The principal regulator in the Jurisdiction has received an application from the Filers for a decision under the securities legislation of the Jurisdiction of the principal regulator (the Legislation) for relief from the restriction under paragraph 4.1(1)(b) of National Instrument 31-103 Registration Requirements, Exemptions and Ongoing Registrant Obligations (NI 31-103) (the Dual-Registration Restriction), pursuant to section 15.1 of NI 31-103, to permit Mr. Stephen R. Lingard to be registered as an advising representative of each of FTCC and FTIC (the Relief Sought).

Under the Process for Exemptive Relief Applications in Multiple Jurisdictions (for a passport application):

a) the Ontario Securities Commission is the principal regulator for this application; and

b) the Filers have provided notice that section 4.7(1) of Multilateral Instrument 11-102 Passport System (MI 11-102) is intended to be relied upon by the Filers in each of the provinces of Canada and in the Yukon (together with Ontario, the Jurisdictions).

Interpretation

Terms defined in National Instrument 14-101 Definitions and MI 11-102 have the same meaning if used in this decision, unless otherwise defined.

Representations

This decision is based on the following facts represented by the Filers:

1. FTCC is registered as a portfolio manager in each of the provinces of Canada and in the Yukon and as a commodity trading manager in Ontario. FTCC is incorporated under the Loan and Trust Companies Act (Canada). The head office of FTCC is located in Toronto, Ontario.

2. FTIC is registered as a portfolio manager, exempt market dealer and mutual fund dealer in each of the provinces of Canada and in the Yukon. FTIC is also registered as an investment fund manager in each of Alberta, British Columbia, Manitoba, Newfoundland & Labrador, Nova Scotia, Ontario and Quebec and as a commodity trading manager in Ontario. FTIC is amalgamated under the laws of Ontario.

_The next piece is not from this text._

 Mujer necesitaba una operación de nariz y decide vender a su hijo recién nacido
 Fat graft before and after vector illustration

The head office of FTIC is located in Toronto, Ontario.

3. FTIC is also registered as an investment adviser with the U.S. Securities and Exchange Commission (SEC).

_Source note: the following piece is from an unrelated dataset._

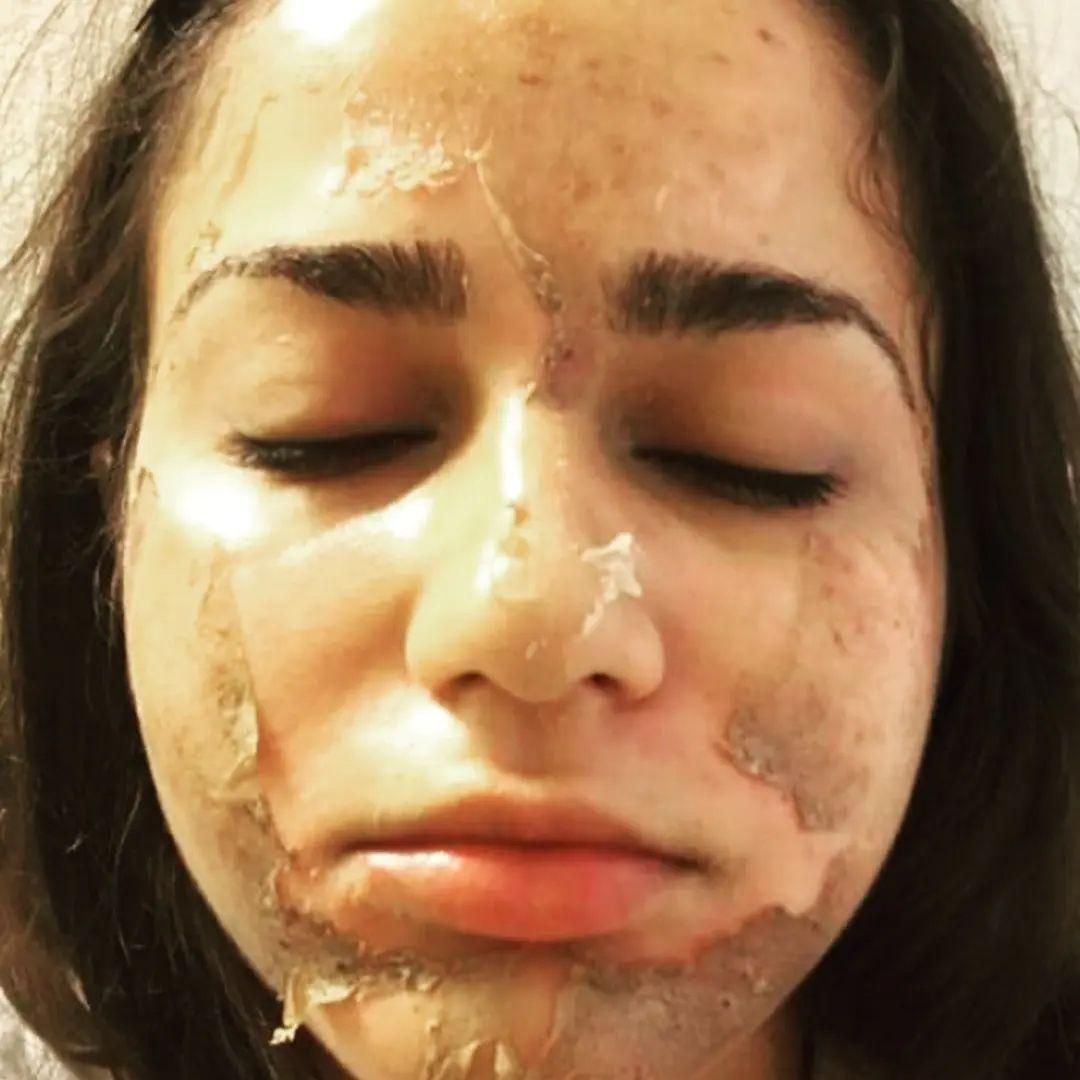 آموزش تکنیک پوست ماری|خدمات آموزشی|تهران, امیریه|دیوار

4. FTCC and FTIC are affiliates as FTCC is a wholly-owned subsidiary of FTIC.

5. Mr. Lingard is a Senior Vice-President and Portfolio Manager and co-head of the Equity Strategy team within the Franklin Templeton Solutions (FTS) group, a global investment management team which is part of Franklin Templeton Investments. FTS has group members domiciled in various countries throughout the world. In Canada, the FTS group is part of FTCC. Mr. Lingard is also a voting member of FTS' Global Investment Committee which sets asset allocation policy and overall investment strategy for FTS. His primary responsibilities include portfolio management and investment research globally for the FTS group.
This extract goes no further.